Wrapping the wraps
My, we're a reflective bunch; it's a regular hall of mirrors out there in cyberland, where us "non-professional critics" (!) have been busy exercising the grey matter. Over at The Morning After, Mr Boyd - reviewer for such non-professional organisations as the Financial Review and Herald Sun - has been doing the end of year thing continuously, it seems, since mid-December, and has not only meditated on opera and dance, but has listed the shows that he ought to have reviewed and didn't. Oh, and as literary editor of The Big Issue, books as well. Meanwhile, 3RRR arts broadcaster and Man About Town Richard Watts hasn't only thought about theatre; he's pondered the visual arts, cinema and arts politics as well.
If you're hungry for more theatre highlights, head over to The Rest is Just Commentary, where tyro reviewer Avi blogs her high and low points of the year. And on his Melbourne Film Blog, Paul Martin does his top 20 and bottom 10 of a year's packed cinematic experience. I think that pretty much covers everything, aside from scuba diving and architecture.

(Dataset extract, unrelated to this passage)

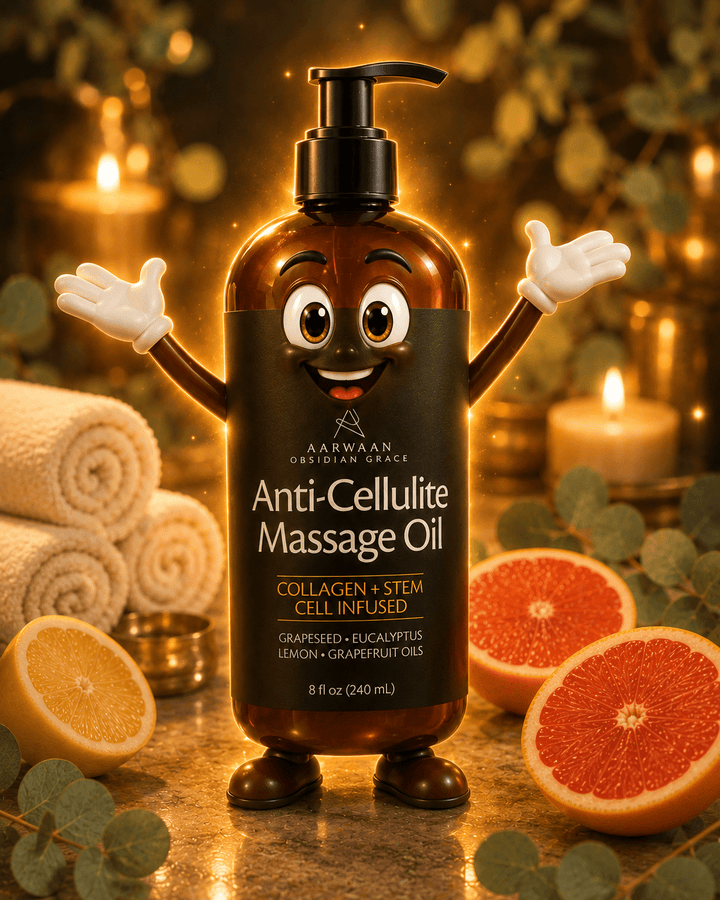 Aarwaan Velura™ anti-cellulite massage oil bottle with applicator, showcasing the product's sleek packaging and smooth oil texture.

Over in the sunny realm of Professional Critics, the Age has not one, but two overviews of the theatrical year, which is something, and possibly something good. One is by my favourite mainstream idjit, Cameron Woodhead. Woodhead's overview is particularly maddening: it's not just differences of taste operating here, folks (we even agree on a few highlights). It's the bullshit terms of reference.
"Avant garde" and "visual theatre" are phrases Woodhead applies to everything outside his limited theatrical vocabulary: so the remarkably written Eldorado and the remarkably turgid (and remarkably unvisual) It Just Stopped get lumped in the same basket. (Depressingly, it looks suspiciously like the same catch-all basket Len Radic memorably labelled as "non-naturalistic".) Woodhead's bouquet for "best original work" of 2006 is the bouncy, off-Broadway-bound musical Virgins - not that I want to dump on that show, but - what??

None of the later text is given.